2. Le second obstacle qui s'oppose à ce que notre volonté adhère à celle de Dieu, se trouve dans la faiblesse même de notre nature corrompue. En effet, ce que nous trouvons pénible ne peut pas ne nous point déplaire, aussi arrive-t-il souvent, à cause de cela, que notre volonté se trouve en opposition avec celle de Dieu, et, pour ne se point révolter complètement contre elle, elle a besoin de la force qui se place au second rang des vertus.

3031 3. Aux afflictions corporelles ne se bornent point les obstacles que la volonté de Dieu rencontre en nous, elle est encore arrêtée: par la concupiscence qui est, dans notre coeur, la source de nombreux et insatiables désirs.

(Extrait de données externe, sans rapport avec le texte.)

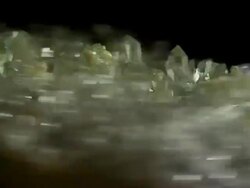 Spinning crystals Stock Footage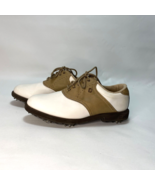 FootJoy Greenjoy 48727 Women&#39;s Golf Shoes White/Beige Leather Size 7 M U... - £19.68 GBP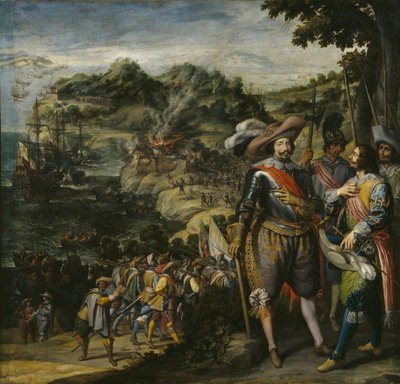 The Reconquest of St. Kitts, 1629 by Felix Castello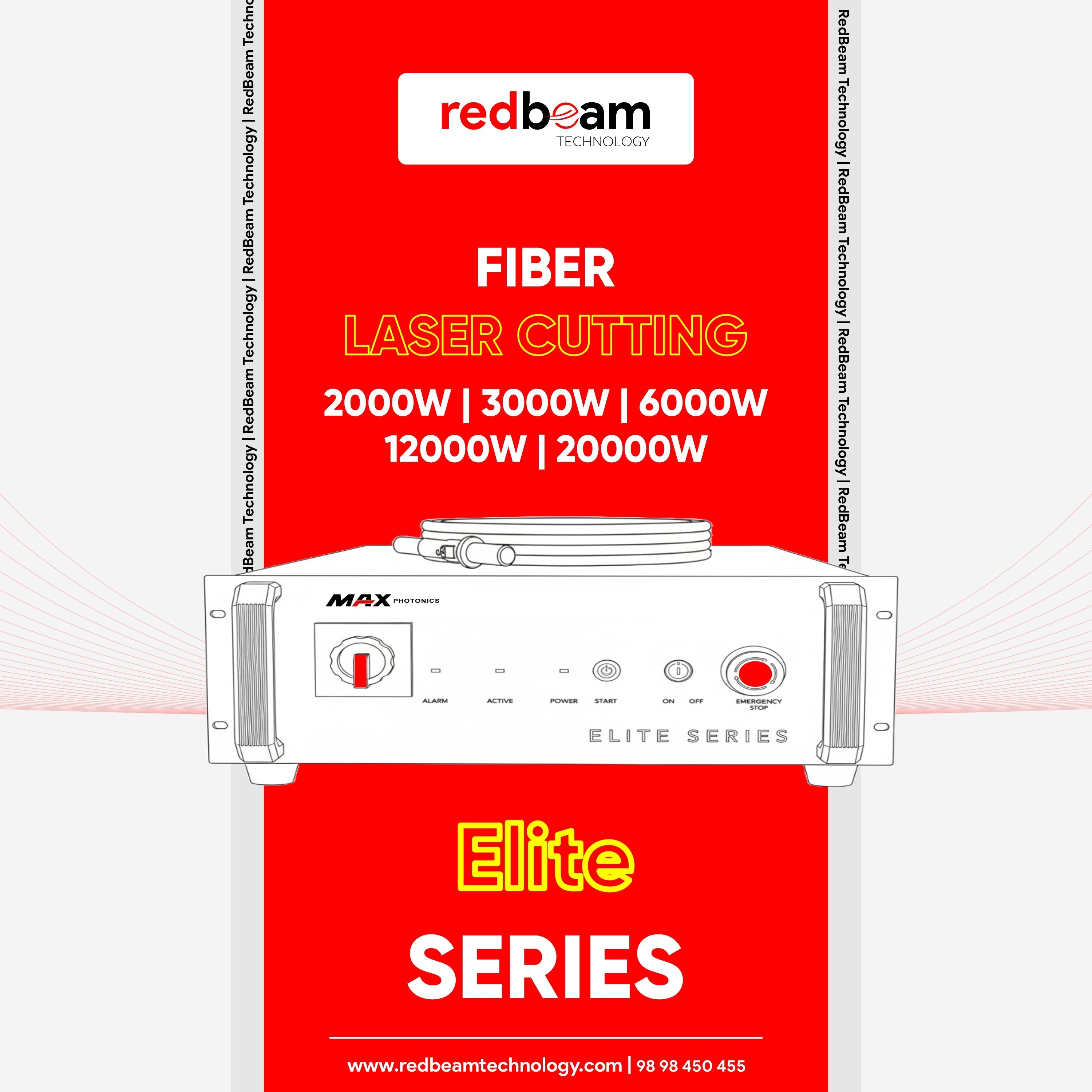 MAX Elite Series Fiber Laser Cutting Source | RedBeam India – RedBeam ...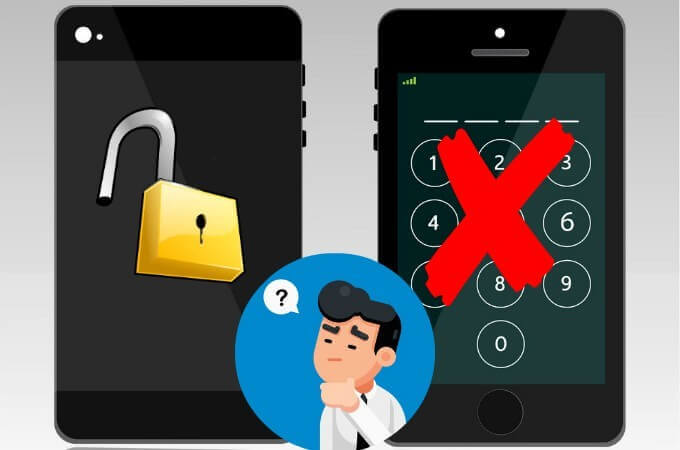 Hoe de iPhone te ontgrendelen zonder wachtwoord?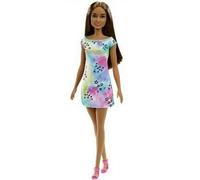 Barbie Classic Dark Brown Hair 11" Doll Afro Black Mixed Race Summer Dress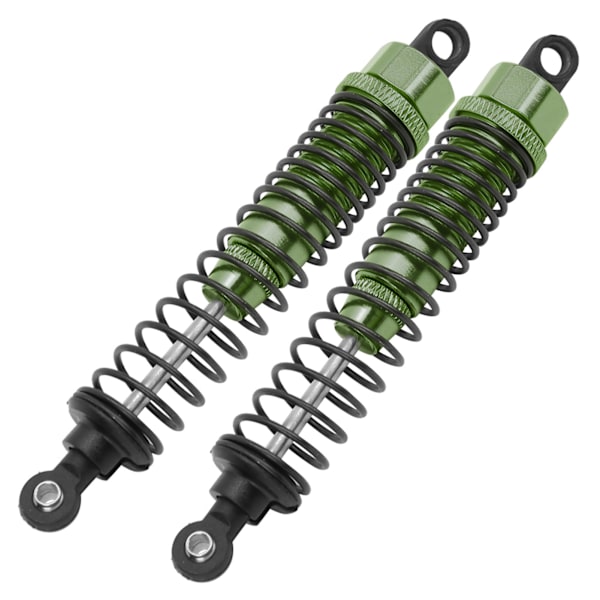 2 stk 108mm RC metallstøtdempere for TRAXXAS SLASH 2WD RC bil oppgraderingsdeler Grønn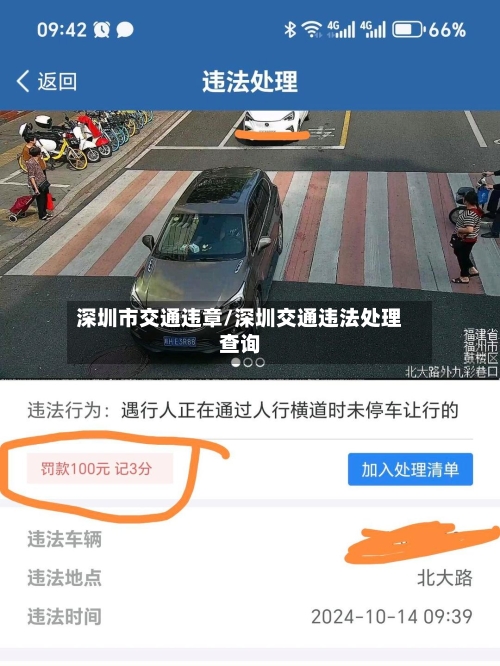 深圳市交通违章/深圳交通违法处理查询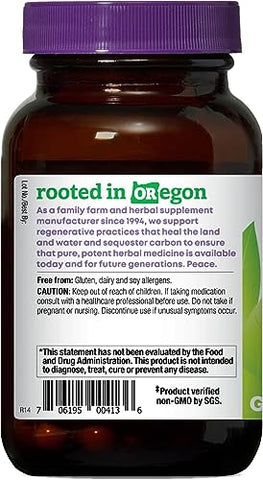 Oregon's Wild Harvest - Oregon’s Wild Harvest Cápsulas de Mirtilo, Suplemento Antioxidante, 880 mg, 60 Unidades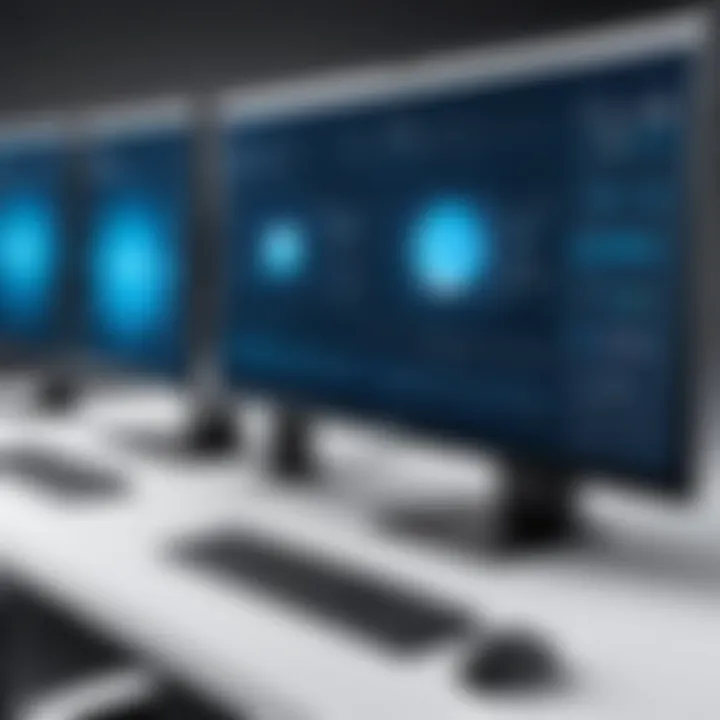 Various connectivity options displayed on a monitor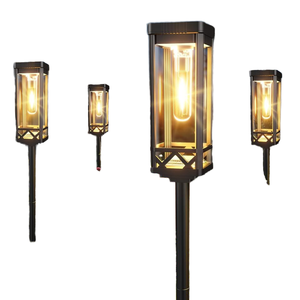 <span class=keywords><strong>KOOPER</strong></span> Lot de 8 Lampes Solaires Modernes pour Allée Lampes de Jardin Plus Hautes 15 Heures Plus Lumineuses Utilisation Extérieure Étanche Alimentées par Énergie Solaire pour Cour - Product Image 1
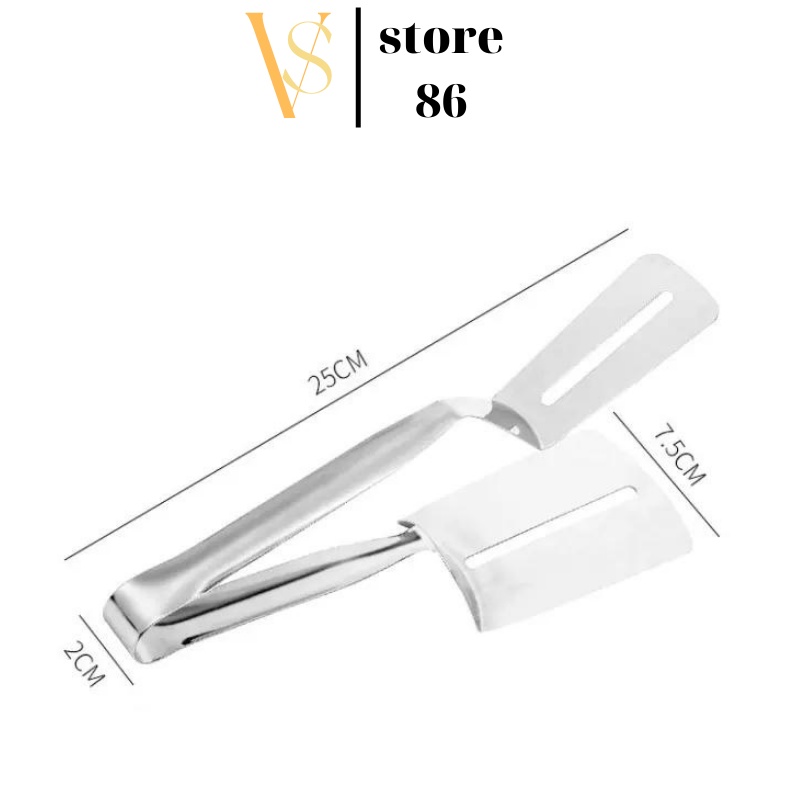 Xẻng, kẹp bằng Inox Dùng Để Gắp Đồ Chiên ,Nướng ,Gắp Các Đồ Nóng G198-xeng-kep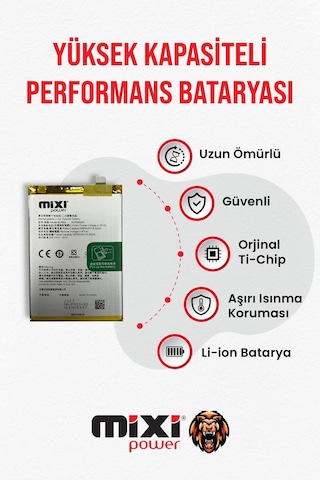 Realme 11 Uyumlu Tam Kapasite Batarya 1 Yıl Realme 11 Uyumlu Tam Kapasite Batarya 1 Yıl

Quand donc notre volonté, qui est pleine d'angles et d'arêtes, pourra-t-elle s'adapter à celle qui est parfaitement droite et unie ? Ah ! Seigneur mon Dieu, autour de moi je ne vois que guerres allumées, que traits volants de toutes parts; je vis au milieu des périls et des obstacles de toute sorte: De quelque côté que je me tourne, nulle part ici je ne trouve de sécurité; pour moi. Je ne redoute pas moins les choses qui me plaisent que celles qui me sont pénibles. La faim et la satiété, le sommeil et les veilles, le travail et le repos sont armés contre moi. «Ne me faites ni pauvre ni riche (Pr 30,8) , » dit le sage, car dans la pauvreté, comme dans les richesses, il y a des écueils et des deux côtés, se trouvent des périls. Si la tempérance réprime la concupiscence dont elle est l'unique remède , il y aura bien une sorte d'union entre notre volonté et, celle de Dieu, mais elle ne sera pas. encore parfaite. Voilà pourquoi l'Apôtre disait, en parlant de lui-même a Pour moi je suis soumis à la loi de Dieu selon l'esprit, mais je me sens assujetti à la loi du péché selon la chair (Rm 7,25). » Ainsi il adhère en partie à la volonté de Dieu, et en partie il s'en éloigne, jusqu'au jour où arrivera ce qui est parfait, et que ce qui est imparfait sera aboli (1Co 13,10).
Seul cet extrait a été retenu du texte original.